国文学科

国文学科は、古代から現代にいたるすべての時代の日本語と日本文学、およびその隣接分野である中国文学(漢文学)、さらには世界の日本語非母語話者を対象としての日本語教育を研究し、これらの学びを通して、しなやかな知性とみずみずしい感性とを身につけ、豊かな人間性を培うことを目的としています。

社会が混迷の度を増す今日、世界と対話し、世界の中で生きてゆくためには、まずは自己の拠って立つところをしっかりとみつめることが不可欠です。
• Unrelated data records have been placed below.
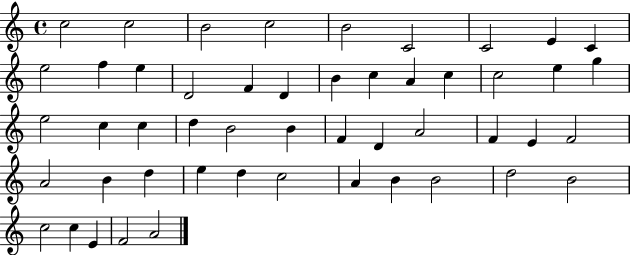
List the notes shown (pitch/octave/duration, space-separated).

C5/h C5/h B4/h C5/h B4/h C4/h C4/h E4/q C4/q E5/h F5/q E5/q D4/h F4/q D4/q B4/q C5/q A4/q C5/q C5/h E5/q G5/q E5/h C5/q C5/q D5/q B4/h B4/q F4/q D4/q A4/h F4/q E4/q F4/h A4/h B4/q D5/q E5/q D5/q C5/h A4/q B4/q B4/h D5/h B4/h C5/h C5/q E4/q F4/h A4/h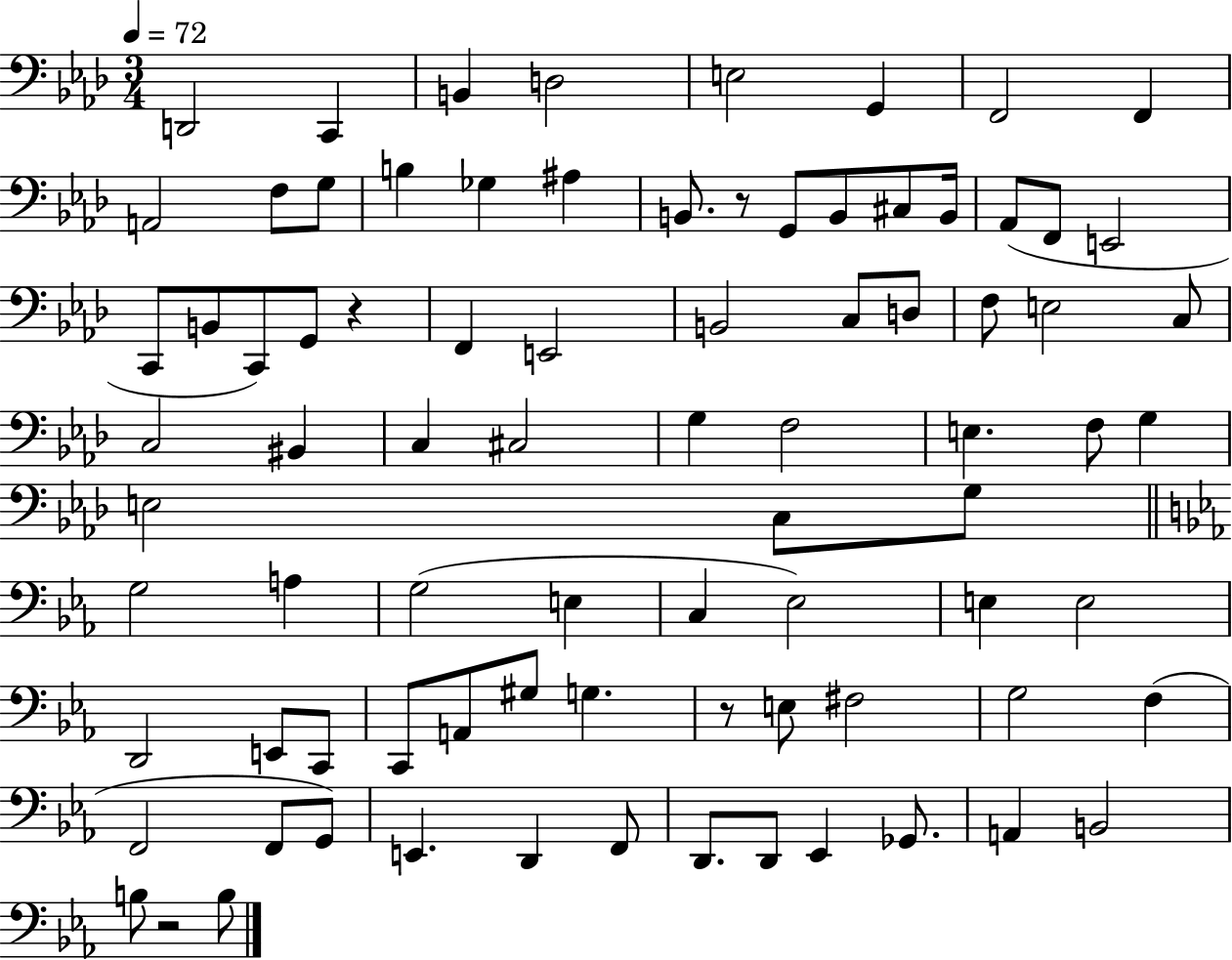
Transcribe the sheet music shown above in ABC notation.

X:1
T:Untitled
M:3/4
L:1/4
K:Ab
D,,2 C,, B,, D,2 E,2 G,, F,,2 F,, A,,2 F,/2 G,/2 B, _G, ^A, B,,/2 z/2 G,,/2 B,,/2 ^C,/2 B,,/4 _A,,/2 F,,/2 E,,2 C,,/2 B,,/2 C,,/2 G,,/2 z F,, E,,2 B,,2 C,/2 D,/2 F,/2 E,2 C,/2 C,2 ^B,, C, ^C,2 G, F,2 E, F,/2 G, E,2 C,/2 G,/2 G,2 A, G,2 E, C, _E,2 E, E,2 D,,2 E,,/2 C,,/2 C,,/2 A,,/2 ^G,/2 G, z/2 E,/2 ^F,2 G,2 F, F,,2 F,,/2 G,,/2 E,, D,, F,,/2 D,,/2 D,,/2 _E,, _G,,/2 A,, B,,2 B,/2 z2 B,/2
国文学科では、この時代の要請に力強く応えるべく、日本の文化を考えるさまざまな科目群を設置し、多角的かつ総合的に日本の人びとの精神文化をとらえることができる科目編成をしています。

他者の理解と自己の理解は表裏の関係にあります。そして、日本に生き、学び、成長する私たちにとって、日本のことばを考えるということは、知性と感性とによって生きている人間、私たち自身の中核をみつめることです。国文学科は、やがて大学を出て、より広い世界の中で生きてゆくための豊かな基盤――さまざまな事象を感受性深く受けとめ、知的に理解し、他者と語り、新たな人生を切り開いてゆくための礎を築きます。

〈私のことば〉という、最も身近なもの。そして、〈私のことば〉を支えるすべての時代のさまざまなことばと文学、文化。それら研究対象の豊穣な世界を味わい、日本文化の特質を感知し、私たちにとっての意味を問う―― それは、〈私〉をみつめなおすことであり、〈新たな私〉を創造することであり、〈私〉を世界へ、未来へひらくことです。